# Collected data
Segment Open

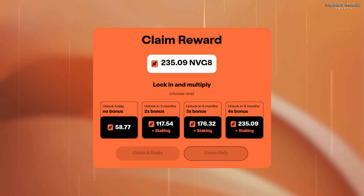If you stake the tokens for three months you will get a 2x bonus. Staking for six months gives a 3x bonus, and staking for eight months gives a 4x bonus, making it 235 tokens. Right now is not a good time to be selling any crypto because the market is down, so I will probably be choosing to stake the maximum amount and get the biggest bonus.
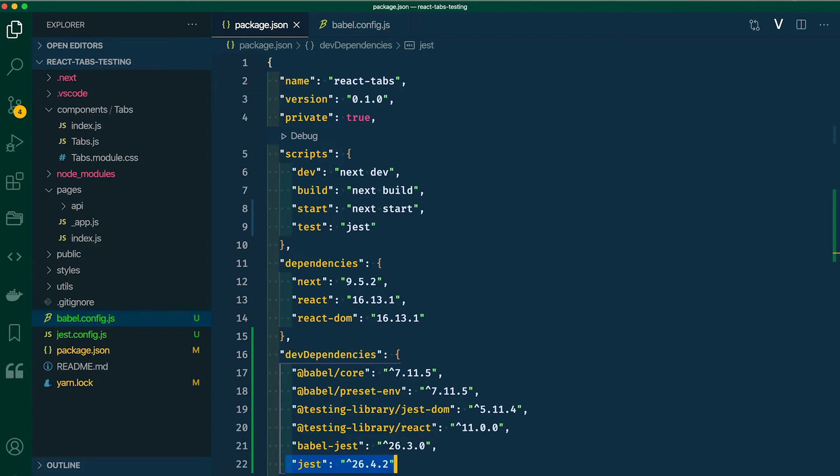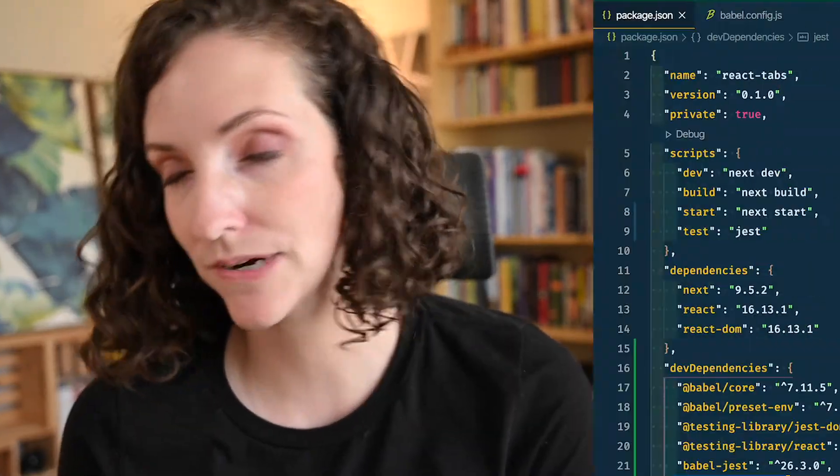We need to write a few scripts in order to run our tests — this is really quite simple. Open up your project's package.json file. You'll notice the name of your project at the top — 'react-tabs' — and several things listed. Under the dependency section, Next.js's install script automatically installed Next, React, and React DOM for us. Under dev dependencies are the testing packages we added — we only need these when developing, not in production, so they're listed in a separate section.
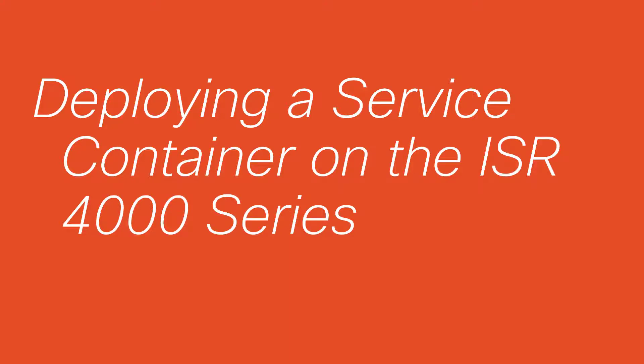Hi, this video shows how to get started with service containers on the Cisco ISR 4000 series routers.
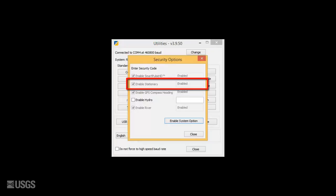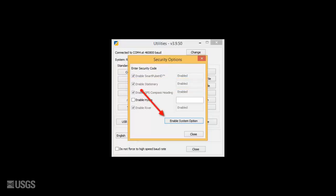If the unit is not enabled, check the Enable Stationary option, enter the code provided by Sonntec in the box here, and select the Enable System option. Now the unit is activated and can be connected to any computer with the RSSL software installed to collect data.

Segment Closed

# Problem to work on
Omit the pictures and reproduce the remaining material above exactly.

# Response
If you stake the tokens for three months you will get a 2x bonus. Staking for six months gives a 3x bonus, and staking for eight months gives a 4x bonus, making it 235 tokens. Right now is not a good time to be selling any crypto because the market is down, so I will probably be choosing to stake the maximum amount and get the biggest bonus.
We need to write a few scripts in order to run our tests — this is really quite simple. Open up your project's package.json file. You'll notice the name of your project at the top — 'react-tabs' — and several things listed. Under the dependency section, Next.js's install script automatically installed Next, React, and React DOM for us. Under dev dependencies are the testing packages we added — we only need these when developing, not in production, so they're listed in a separate section.
Hi, this video shows how to get started with service containers on the Cisco ISR 4000 series routers.
If the unit is not enabled, check the Enable Stationary option, enter the code provided by Sonntec in the box here, and select the Enable System option. Now the unit is activated and can be connected to any computer with the RSSL software installed to collect data.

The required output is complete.